By STEVE BROWN
Reflecting the Obama administration's get-tough approach to labor issues, U.S. Secretary of Labor Hilda L. Solis has turned up the heat on violations of federal wage and hour laws.
"The administration's budget request for fiscal year 2011 includes $25 million for the Department of Labor as part of this initiative, including $12 million for increased enforcement of wage and overtime laws in cases where employees have been misclassified," Solis said in a statement posted on the department's website.
The misclassification she refers to is employees who are not paid overtime when federal law says they should be. The Fair Labor Standards Act exempts certain workers from overtime provisions, in particular agricultural workers.
"In general, we refer to exempt workers as salaried workers and non-exempt workers as hourly," Dan Fazio, director of employer services at the Washington State Farm Bureau, said. "That's not technically correct, but that's the classification we use."
Some non-exempt workers are exempted from overtime, he said.
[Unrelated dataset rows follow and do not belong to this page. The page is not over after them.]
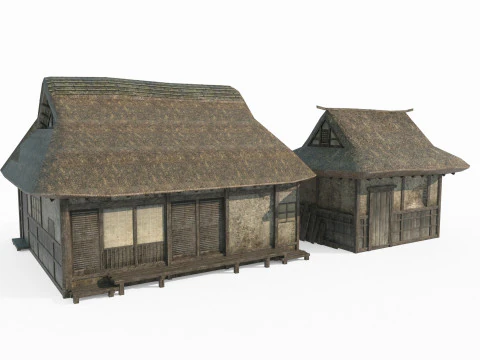 Two thatched cottages in ancient Asian architecture 3D Model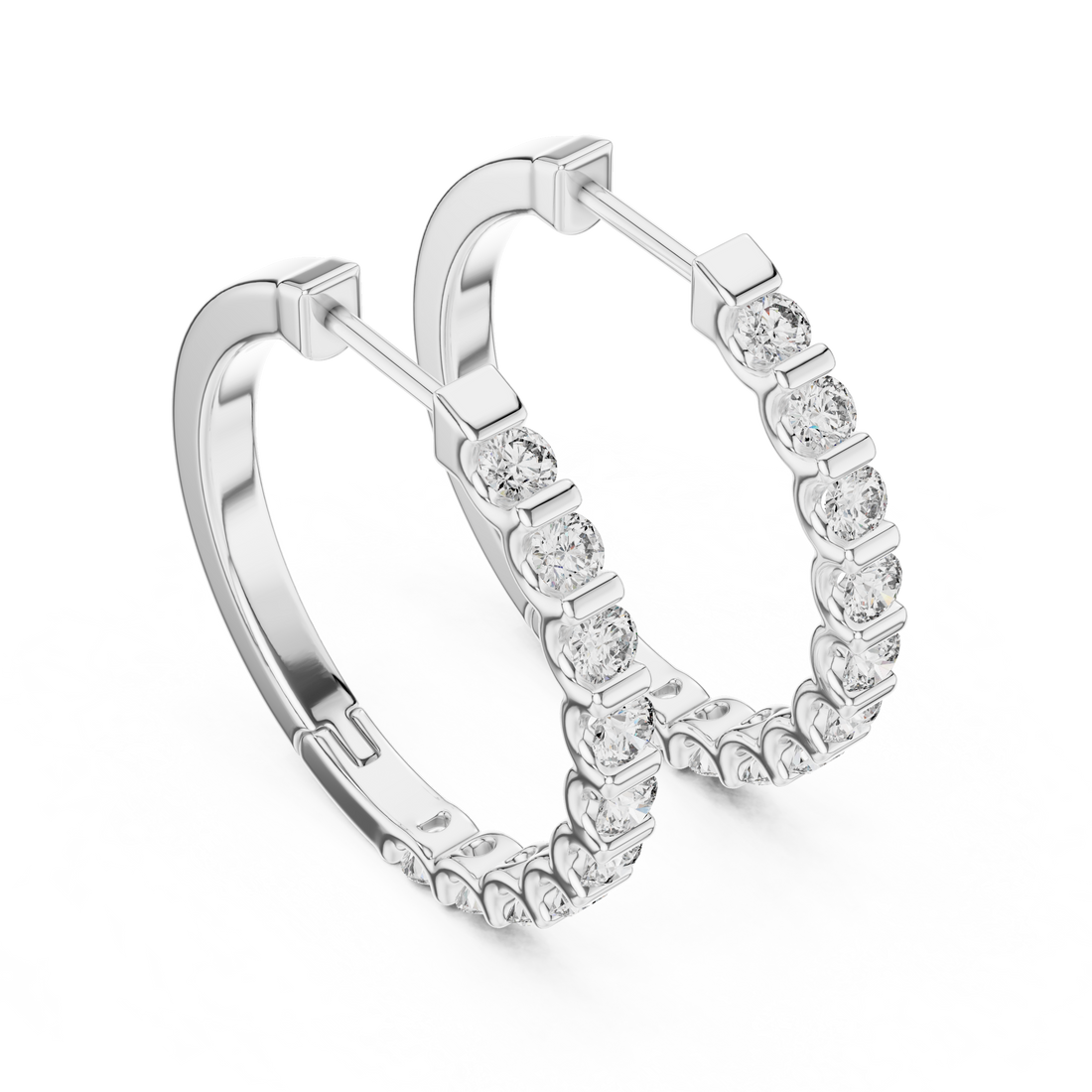 Luxury White Gold Diamond Huggie Hoops in 14-KT White Gold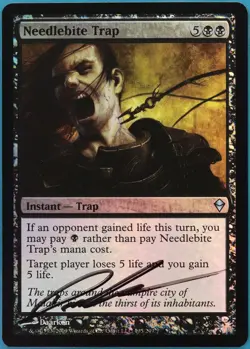 Needlebite Trap FOIL Zendikar NM Black Uncommon SIGNED CARD (409494) ABUGames - Image 1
Both state and federal regulations address the issue:
* Washington law -- RCW (Revised Code of Washington) 49.46.130 -- exempts workers from overtime if they are employed on a farm in connection with raising or harvesting a crop; operating or maintaining the farm, its tools or equipment; or processing or delivering the crop to market.
* Federal law -- 29 CFR (Code of Federal Regulations) 780 -- is similar, but with a few key differences. "This is more stringent than state regulations," Fazio said. "You always have to comply with the law that's worse for you."
Federal law exempts practices "by a farmer or on a farm as an incident to or in conjunction with such farming operations, including preparation for market, delivery to storage or to market or to carriers for transportation to market."
That phrase "incident to or in conjunction with" is the kicker, Fazio said.
"As long as your operations are limited to something that you grew on your farm, all of the workers are overtime exempt, even an administrative assistant, receptionist or mechanic," he said. "But when you handle other people's crops, your operation is 'contaminated,' and any worker who has a part in that, including administrative assistants and mechanics, becomes overtime-eligible."
Federal law characterizes modern agriculture as horizontally integrated, that the farmer is concerned with only one aspect of food production.
It also breaks out two kinds of farming with regard to the overtime exemption:
* "Primary" farming "in all its branches" is exempt, regardless of who performs it.
* "Secondary" operations, performed on a vertically integrated farm, are exempt, provided they are performed on that farm's crops.
"If it is not primary or secondary agriculture, it is not overtime-exempt," Fazio said.
Non-farming operations that are performed by the farm's employees on the farm can generally gain the exemption if they are "incident to the farming operation," he said. For example, trimming trees near communication lines on the farm would be overtime-exempt.
Other exempt activities would include preparing the crop for market or delivering it to market. "But they're exempt only when performed by the farmer or the farmer's employees," Fazio said. "However, fresh fruits and vegetables have an additional exemption which makes the trip to processor or market exempt, regardless of who performs it."
Fazio led a webinar on the subject on Aug. 24.
In response to a question about harvesting another farmer's field, he said those workers would still be exempt because they are part of the horizontal integration, regardless of who does it.
Winery workers would also be exempt "until you bring in grapes from someone else's operation."
The federal law lists several special exemptions: employees of small farms (less than 500 man/days per year); immediate family members; hand-harvest, piece-rate workers who commute from home and work less than 13 weeks per year at one location; and range livestock workers.
Other subparts address nursery, forestry and fruit and vegetable transportation. Fazio invited employers with questions in those areas to call him.
* California: Dave Kranz, spokesman for the California Farm Bureau Federation, said farmworkers are entitled to 1 1/2 times their regular rate of pay for all hours worked in excess of 10 in a day and for all hours worked on the seventh consecutive day in a workweek. On July 28, Gov. Arnold Schwarzenegger vetoed a bill that would have made California the only state to require overtime pay for farmworkers after eight hours in a day or 40 hours in a week.
* Idaho: A pamphlet -- labor.idaho.gov/pdf/wagehour.pdf -- distributed by the Idaho Department of Labor echoes the federal Fair Labor Standards Act for exemptions on overtime pay.
* Oregon: According to the Oregon Bureau of Labor and Industries, employers are not required to pay overtime to employees performing work that meets the definition of "agriculture." Nursery activities -- including Christmas trees -- are considered agriculture. Not included in that definition are forest products and harvesting.